15h47-17h00, 27-February-2013
Less than five minutes at my perch du jour and already I’ve been abandoned by the espresso that was meant to accompany me today, the only evidence of which I cannot even lick off the inside of the cup. <sigh>
A myth it is, the supposed superiority of the espresso offered in the cafés of France. Typically, the lauded beverage so often held up as a paragon of culture, sophistication, and refinement compared to “American” is no richer/darker/stronger/more flavorful/truer. The fact is that despite the relatively small size of a café (the beverage and not the place at which you might order and drink said beverage…yes, that CAN get confusing), honest imbibers are often able to make out the bottom of their cup through the brown-but-not-so-brown liquid. And it isn’t because the sugar in France is especially strong that a half-teaspoon of the stuff applied tends to go a long-enough way. Now this isn’t to say that all of the café coffee (un café au café?) to be had in France is bad — Au contraire! — but it is long past time for the popping of the bubble of primacy afforded to “un café” over its English-speaking brethren.
There.
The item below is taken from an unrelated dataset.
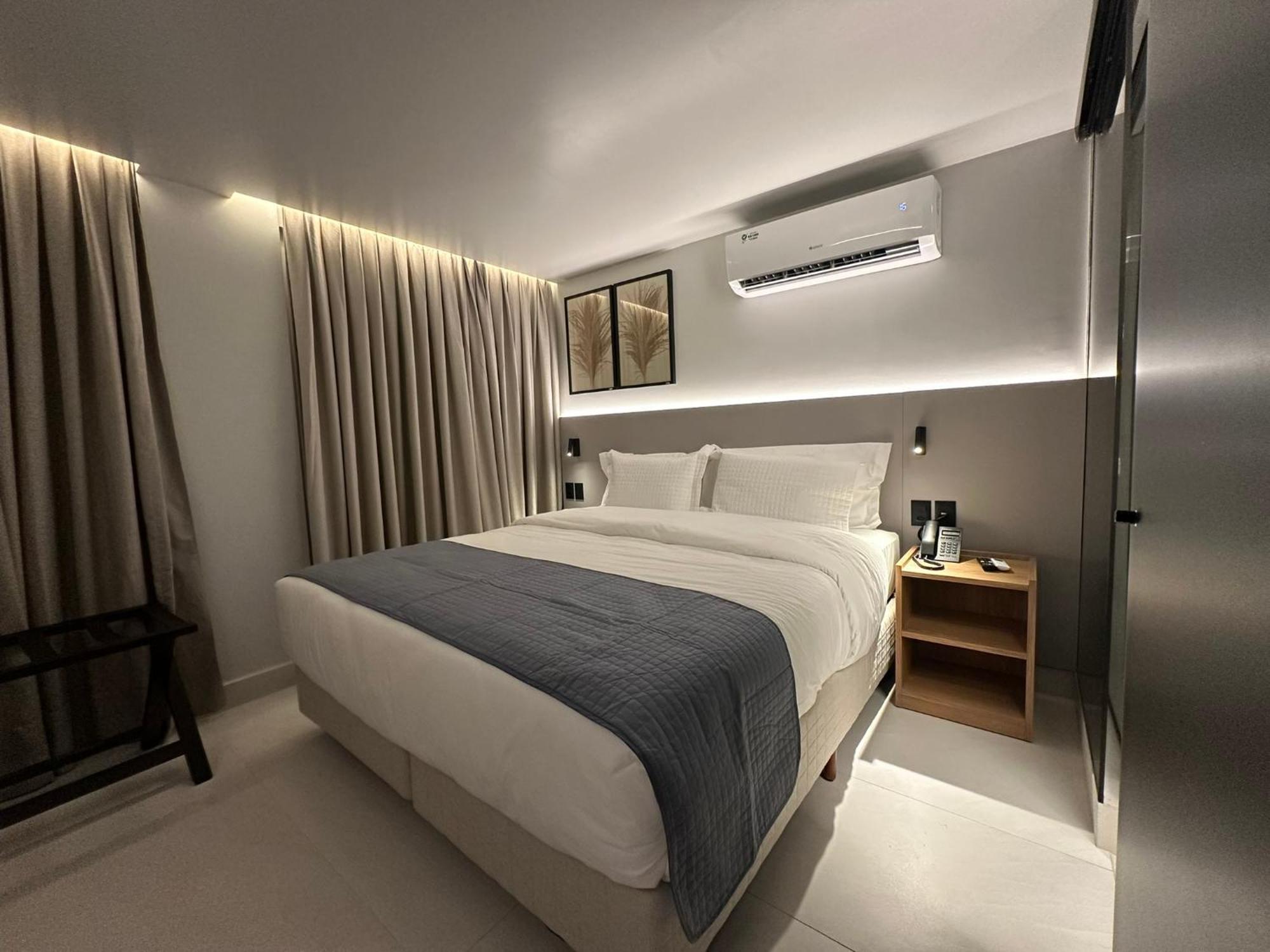 Icon Hotel By Welkom João Pessoa Eksteriør billede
I wrote it, I take responsibility for it, and once I publish it the French Café Police will be able to hold those pixels against me as they see fit.
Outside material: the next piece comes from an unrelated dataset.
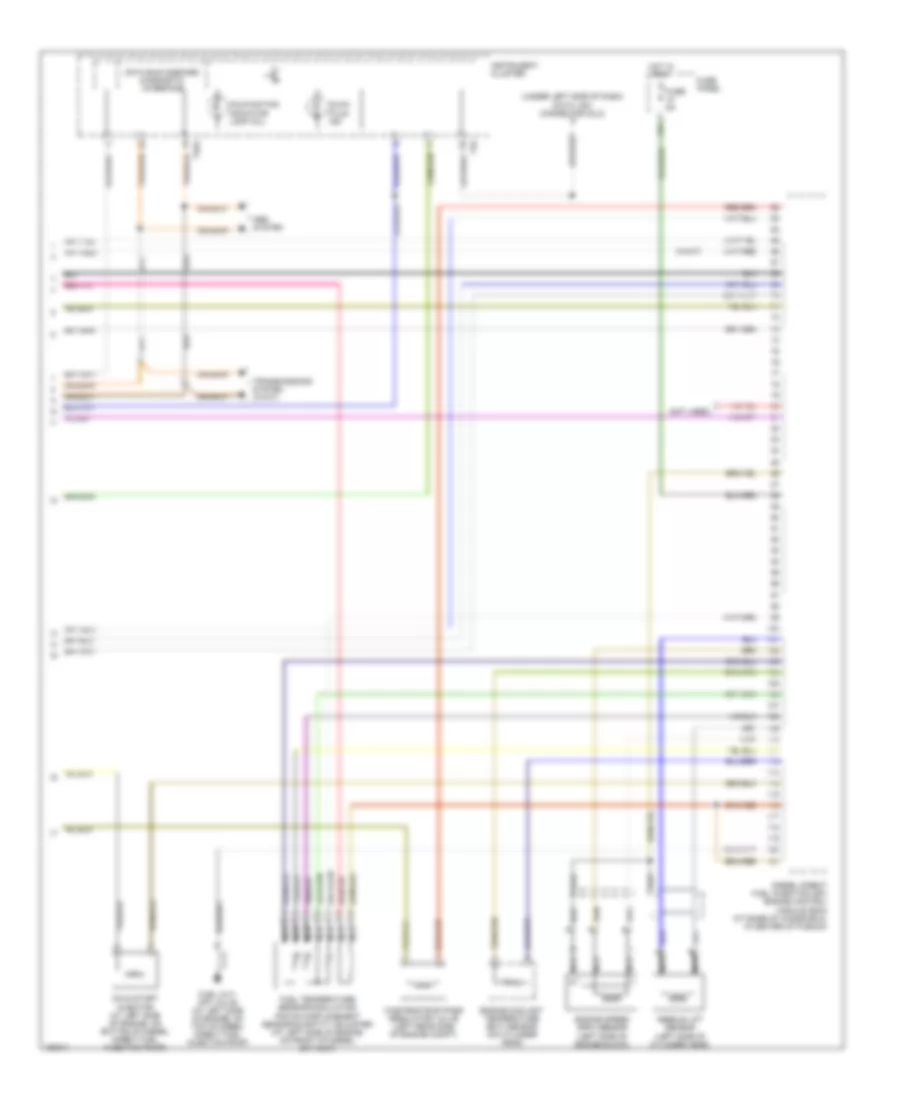 1 9L Turbo Diesel Engine Performance Wiring Diagrams Late Production 3 of 3 for Volkswagen Jetta GLI 2002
A man wearing a nondescript baseball cap just wrested all attention by pounding his cellphone on the bar twice with great force. One has to assume that the thing was already broken, but if not it certainly is now.
Wednesdays are more a “valley day” than a “hump day” in France due to the school system, in which kids at the maternelle and primaire levels do not have classes while those at the higher levels only have classes in the morning. Thus, depending on their age and interests (and the needs and capabilities of their parents), on Wednesdays kids across the country participate in a whole slew of daycare arrangements, sports programs, music lessons, art classes, theatre groups, game clubs, and the like. And the competition to get into these programs can be downright savage, and I am not ashamed to admit that over the years — my being the at-home parent — I have had to throw the occasional hip-check to get The Boy on the list for Swimming, for Tennis, for Sculpture (yes, Sculpture…see the accompanying photo of today’s masterpiece)… Of course, it is all in the name of liberté, égalité, fraternité…and betterment-of-the-organism, so “No blood, no foul”, right?